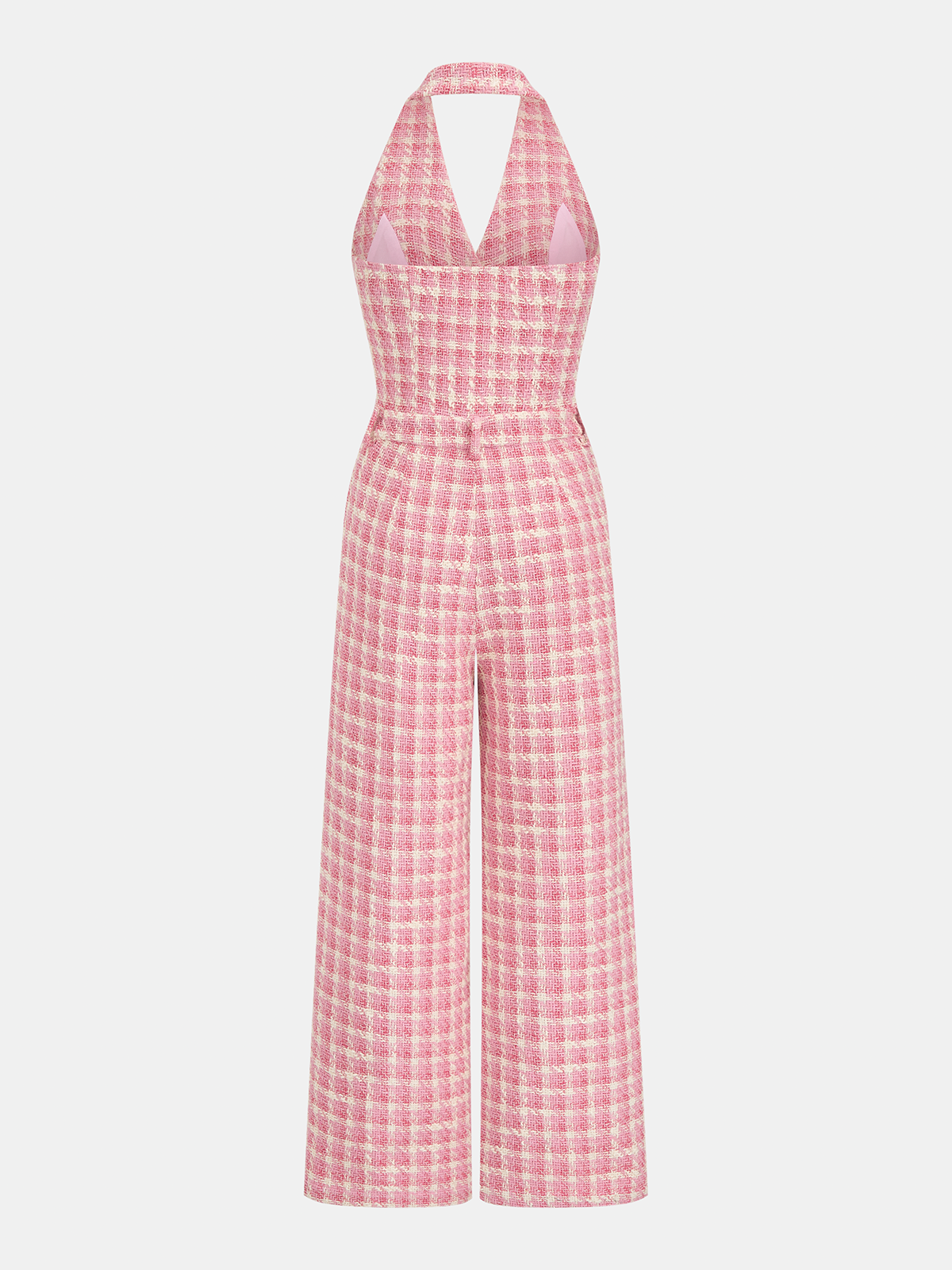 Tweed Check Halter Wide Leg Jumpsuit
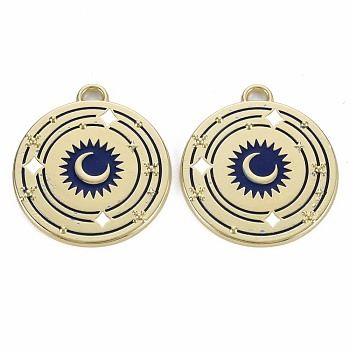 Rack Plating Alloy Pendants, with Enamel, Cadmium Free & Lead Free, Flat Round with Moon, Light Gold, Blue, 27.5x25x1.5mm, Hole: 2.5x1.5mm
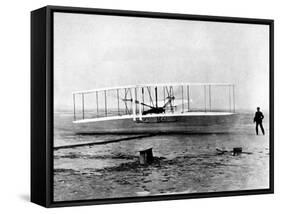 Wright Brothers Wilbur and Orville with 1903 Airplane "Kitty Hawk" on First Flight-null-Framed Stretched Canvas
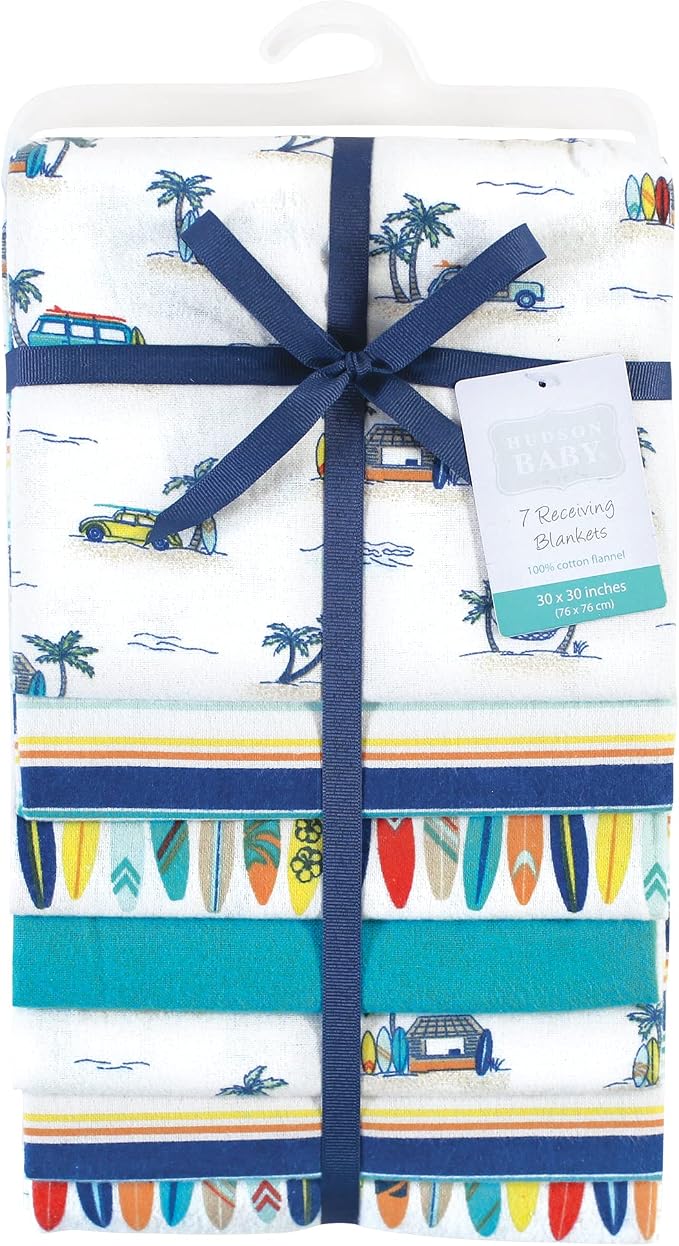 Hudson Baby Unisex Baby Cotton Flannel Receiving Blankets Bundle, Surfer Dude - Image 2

# Exercise
All lines from the first in the listing above to the line containing "Wright Brothers Wilbur", inclusive, go in the output exactly as they are; no pictures go in.

# Exercise result
 Tweed Check Halter Wide Leg Jumpsuit
 Rack Plating Alloy Pendants, with Enamel, Cadmium Free & Lead Free, Flat Round with Moon, Light Gold, Blue, 27.5x25x1.5mm, Hole: 2.5x1.5mm
 Wright Brothers Wilbur and Orville with 1903 Airplane "Kitty Hawk" on First Flight-null-Framed Stretched Canvas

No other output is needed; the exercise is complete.